DATA FOR REVIEW:
────

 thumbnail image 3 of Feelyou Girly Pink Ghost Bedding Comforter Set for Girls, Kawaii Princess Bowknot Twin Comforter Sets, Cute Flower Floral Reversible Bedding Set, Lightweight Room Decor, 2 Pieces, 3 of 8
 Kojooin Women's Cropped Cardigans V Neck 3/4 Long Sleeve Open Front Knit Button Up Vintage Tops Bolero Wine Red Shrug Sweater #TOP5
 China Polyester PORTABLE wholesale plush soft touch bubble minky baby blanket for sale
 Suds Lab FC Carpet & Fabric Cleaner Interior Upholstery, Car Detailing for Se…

────

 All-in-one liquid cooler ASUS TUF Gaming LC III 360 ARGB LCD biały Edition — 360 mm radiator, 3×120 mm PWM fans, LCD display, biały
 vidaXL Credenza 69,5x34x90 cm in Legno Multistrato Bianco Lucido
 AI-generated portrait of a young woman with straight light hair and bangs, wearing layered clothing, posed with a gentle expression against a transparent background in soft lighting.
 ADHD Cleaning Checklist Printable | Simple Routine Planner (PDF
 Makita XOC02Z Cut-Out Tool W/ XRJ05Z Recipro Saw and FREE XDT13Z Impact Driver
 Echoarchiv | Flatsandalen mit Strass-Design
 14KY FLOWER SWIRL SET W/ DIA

────

WORK INSTRUCTION: Where a line contains the word "soft", copy that line from the listing above.

EXPECTED ANSWER:
 China Polyester PORTABLE wholesale plush soft touch bubble minky baby blanket for sale
 AI-generated portrait of a young woman with straight light hair and bangs, wearing layered clothing, posed with a gentle expression against a transparent background in soft lighting.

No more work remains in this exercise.